──────── EXTRACTED MATERIAL

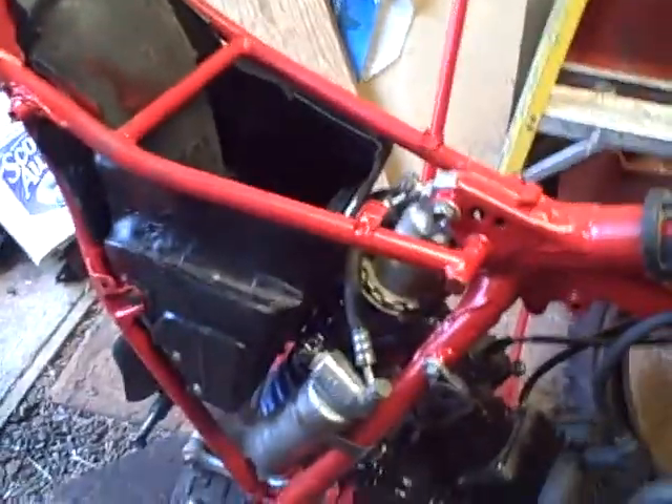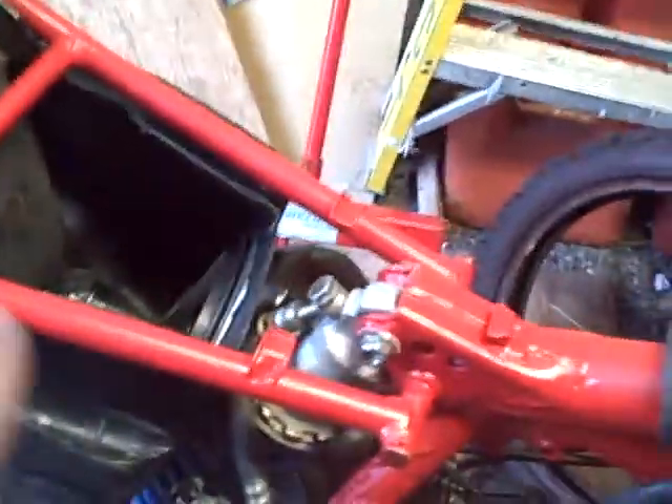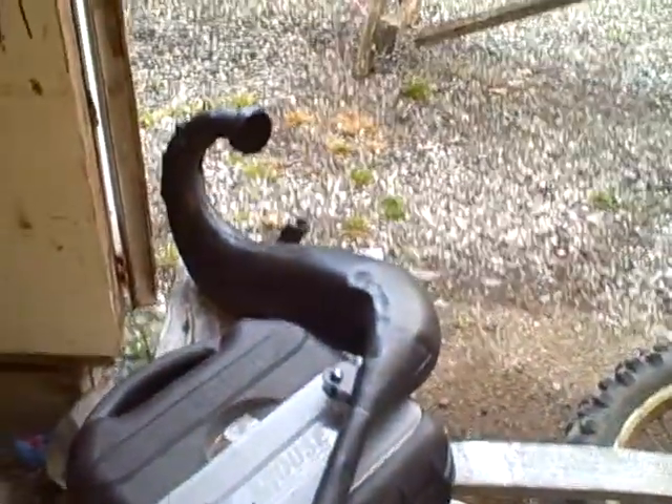Here's video four of my Sara 125. Yesterday I painted the frame so it looks a lot cleaner now. It's got a little bit of grease on it but that'll go away after a while — you won't even see it. I painted the pipe so it looks a lot cleaner.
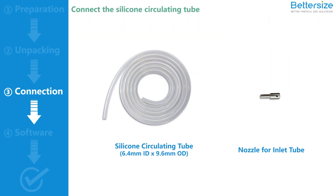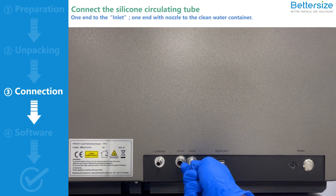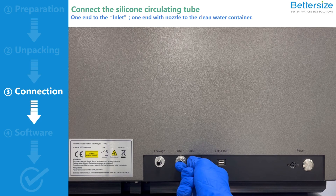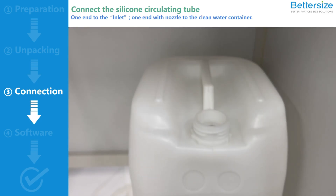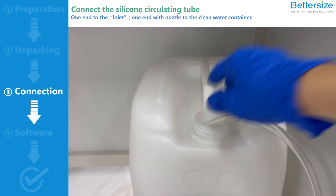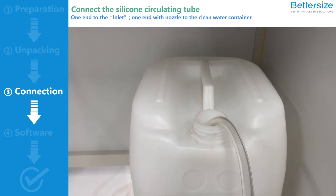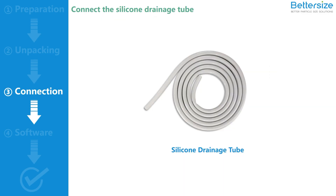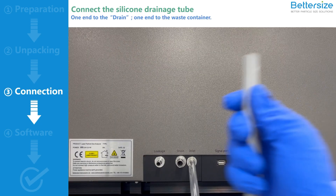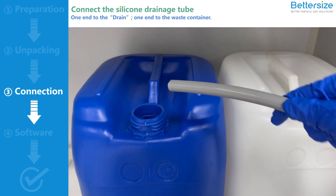Connect the silicon circulating tube first. Connect one end to the inlet port of the Bettersizer ST. Insert the nozzle to the other end and place it into the container filled with clean water. Then, connect the silicon drainage tube. Connect one end to the drainage port of the Bettersizer ST, and put the other end into the waste container.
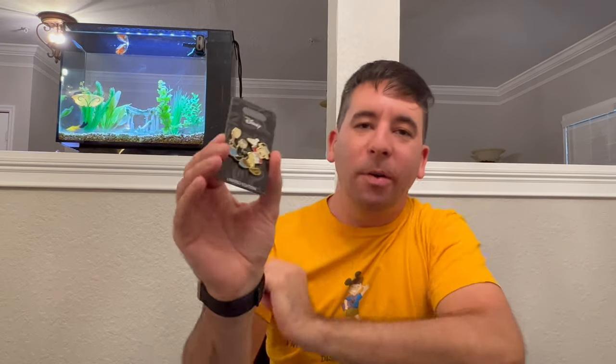For our very first pin I wanted it to be something classic, something kind of special to me — a cartoon that I really enjoy. It is Mickey and the Seal. This short always reminds me of back in the day when I used to take Disney's Magical Express from the airport. They would always play this short on the Magical Express and I always liked it — I thought it was a pretty funny short. If you guys have Disney Plus it is available on there to watch. I just love this pin, something classic for the very first Disney Pins Blog exclusive pin.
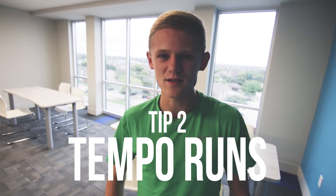Tip number two: tempo runs — literally my favorite workout. Scientifically it's called a lactate threshold run. It's a faster-paced workout that should be 'comfortably hard' according to scientists. It was my favorite workout in the offseason because it wasn't too taxing. You can do the tempo workout and then follow it up with some strides or 200s and walk away feeling good because you didn't quite cross that lactate threshold.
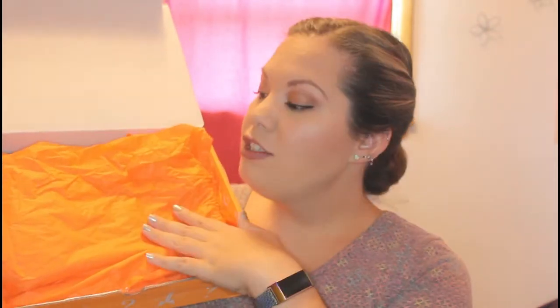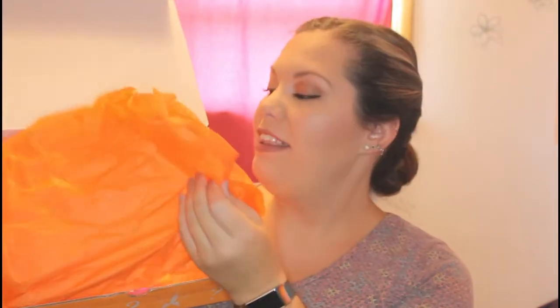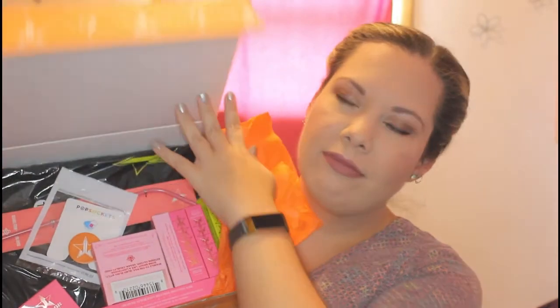When you first open it, it is orange — it's all orange. I think they're going by the jawbreaker theme since that was the summer release. They're going with bright colors because the other box was yellow, I think. So we have yellow tissue paper in here to cover everything up. And here's everything that's in here. There's a variety of stuff. I can see the pop socket already, so let's just dig in.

────────────────

** WHAT THE TASK ASKS **
Leave out the pictures and repeat exactly the lines from the first line of the data through the line containing "Tip number two: tempo". Add nothing else.

** RESULT FOR THIS EXERCISE **
Here's video four of my Sara 125. Yesterday I painted the frame so it looks a lot cleaner now. It's got a little bit of grease on it but that'll go away after a while — you won't even see it. I painted the pipe so it looks a lot cleaner.
Connect the silicon circulating tube first. Connect one end to the inlet port of the Bettersizer ST. Insert the nozzle to the other end and place it into the container filled with clean water. Then, connect the silicon drainage tube. Connect one end to the drainage port of the Bettersizer ST, and put the other end into the waste container.
For our very first pin I wanted it to be something classic, something kind of special to me — a cartoon that I really enjoy. It is Mickey and the Seal. This short always reminds me of back in the day when I used to take Disney's Magical Express from the airport. They would always play this short on the Magical Express and I always liked it — I thought it was a pretty funny short. If you guys have Disney Plus it is available on there to watch. I just love this pin, something classic for the very first Disney Pins Blog exclusive pin.
Tip number two: tempo runs — literally my favorite workout. Scientifically it's called a lactate threshold run. It's a faster-paced workout that should be 'comfortably hard' according to scientists. It was my favorite workout in the offseason because it wasn't too taxing. You can do the tempo workout and then follow it up with some strides or 200s and walk away feeling good because you didn't quite cross that lactate threshold.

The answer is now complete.